The definition of DevOps from selected companies:

Amazon:

"DevOps is the combination of cultural philosophies, practices, and tools that increases an organization’s ability to deliver applications and services at high velocity: evolving and improving products at a faster pace than organizations using traditional software development and infrastructure management processes. This speed enables organizations to better serve their customers and compete more effectively in the market."

Microsoft:

"DevOps is the union of people, process, and products to enable continuous delivery of value to our end users. The contraction of “Dev” and “Ops” refers to replacing siloed Development and Operations to create multidisciplinary teams that now work together with shared and efficient practices and tools.

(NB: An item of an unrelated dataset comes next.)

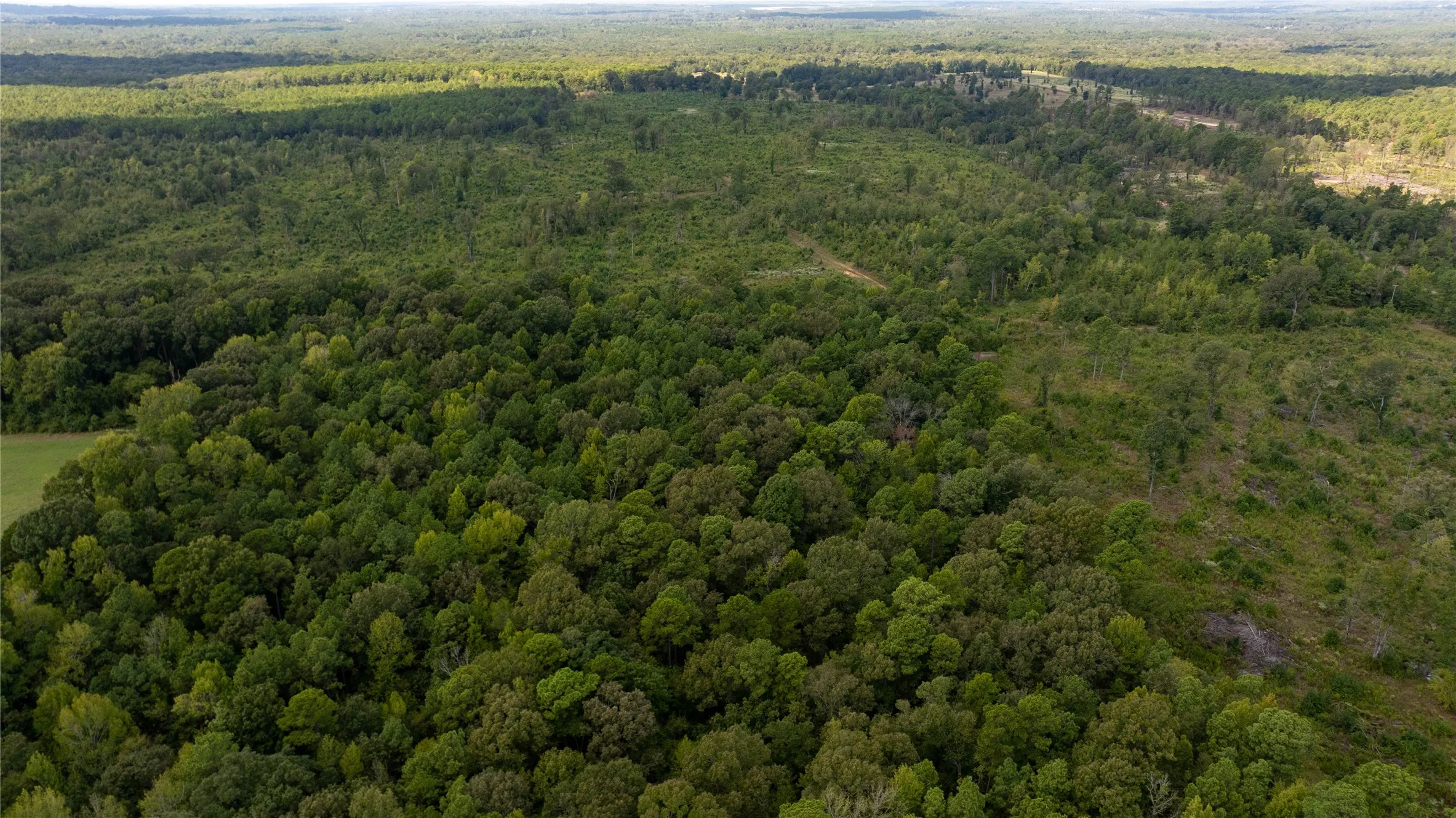 Unimproved Land For Sale in Harrison County , 0 Blocker Road, Marshall, Texas 75672, 0, 0, Garage spaces, 0 Sqft, built in 0, mls#21403592, Real Estate Agent in Marshall, Homes For Sale in Harrison county, Homes For Sale in Marshall, Realtor in Marshall Texas, Real Estate Brokerage Independent Realty Texas, Luminita Cordes Realtor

Essential DevOps practices include agile planning, continuous integration, continuous delivery, and monitoring of applications."

Red Hat:

"DevOps describes approaches to speeding up the processes by which an idea (like a new software feature, a request for enhancement, or a bug fix) goes from development to deployment in a production environment where it can provide value to the user. These approaches require that development teams and operations teams communicate frequently and approach their work with empathy for their teammates. Scalability and flexible provisioning are also necessary. With DevOps, those that need power the most, get it—through self service and automation. Developers, usually coding in a standard development environment, work closely with IT operations to speed software builds, tests, and releases—without sacrificing reliability."

Google:

"...The organizational and cultural movement that aims to increase software delivery velocity, improve service reliability, and build shared ownership among software stakeholders"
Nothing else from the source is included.